You should know better than to say such things. I'll bet Wyogoob has done it. After all, he's done just about everything.


----------



## shaun larsen (Aug 5, 2011)

Clarq said:


> blackdog said:
> 
> 
> > "Donating Coots to a needy family in the community". LMAO!!!!!
> ...


hes just an internet troll. he thinks that giving other people s*** about things will make him feel better about who he is a person.... what a miserable life he must have. i can only imagine :roll:

BD, i mean really, how old are we? 12? get over yourself. you dont like me. i dont like you. we have established that. grow up. move on. its getting old attacking me on just about everything i post. we all have our own opinions. but that doesnt mean we need to share every single one that pops into your head. not that its any of your ******* business, but i do give my coot meat away. and let me tell you, they are more then grateful. when you are hungry and you have a family that needs to eat, you'll take anything. hopefully, you wont ever know what its like to HAVE to eat a coot or not eat much at all. these people do....


----------



## Riverrat77 (Sep 7, 2007)

I pass on those mergansers and the "fish ducks", whatever the hell they are. Word is escaping me right now. Oh... cormorants. Everything else, I'll usually take a pop at if its close enough. That said, I've duck hunted maybe three times this year... now its time for jump shooting and if its legal, its getting shot. Usually don't get into anything too "bad" though when I'm out jumpshooting. 8) 

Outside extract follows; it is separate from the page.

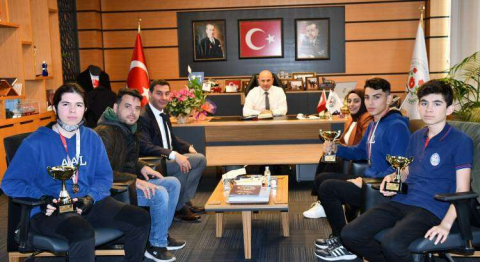 Satrançta Altınova Damgası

I wouldn't give a family a coot.... but hey, its all good. Like you said, they probably aren't real picky. I don't agree with feeding your dogs your birds either so for the guys doing that....thats nonsense. I knew a family from Springville that would take their birds and feed them to the neighbors pigs. You want to pull a trigger on something, go get yourself a bunch of clay pigeons or something. Seriously... some people. :roll: 

One thing guys have had issue with on here before that I don't really have a problem with is jerky... its still doing something with the meat to make edibles for HUMANS so its a fair version of "processed".


----------



## Packout (Nov 20, 2007)

Tex- Where can I pick up that Left Ventricle? As I have shot 1 (and only one, years ago) limit of Wilson Snipe I would like my compensation.  I'll take a free Wilson's Snipe mount if you really still need that Left Ventricle. 

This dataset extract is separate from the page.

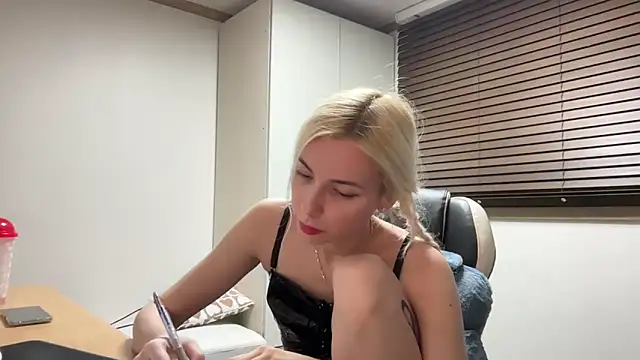 yunasuka online show from 12-28-24, 04:09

I don't shoot mergansers. Don't like shooting ruddy or buffle-heads either. Coots get a pass also as I don't like to kill just to have killed.


----------



## Bax* (Dec 14, 2008)

Coots. I wouldnt even want my dog to waste the energy to pick it up let alone waste a shell


----------



## blackdog (Sep 11, 2007)

Sorry Killer, I just find the BS you spew on here comical, no hard feelings little buddy. :lol: 

Oh hey, do you have the names and addresses of the super hungry needy people you donate your Coot meat to, because the next time I run over a Jackrabbit on the Hwy I'll stop and throw it in the back of my truck and take it to them. If they're grateful for some Coot meat, they'll be really stoked for some road kill Jackrabbit. I usually get my dog on Pigeons a couple times every summer, I can give those to them too. Also my families farm in Idaho is over run with cats, I can bring them some cat meat and any other crap I wouldn't eat myself, I'm sure they would be very grateful.


----------



## nickpan (May 6, 2008)

Shovelers, GE's and Mergansers. Shovelers if it is a slow day. I'll hold out on teal if the bigger birds are moving well, but won't hesitate on finishing up a limit with them. On a good day i'll lay off on the hens too.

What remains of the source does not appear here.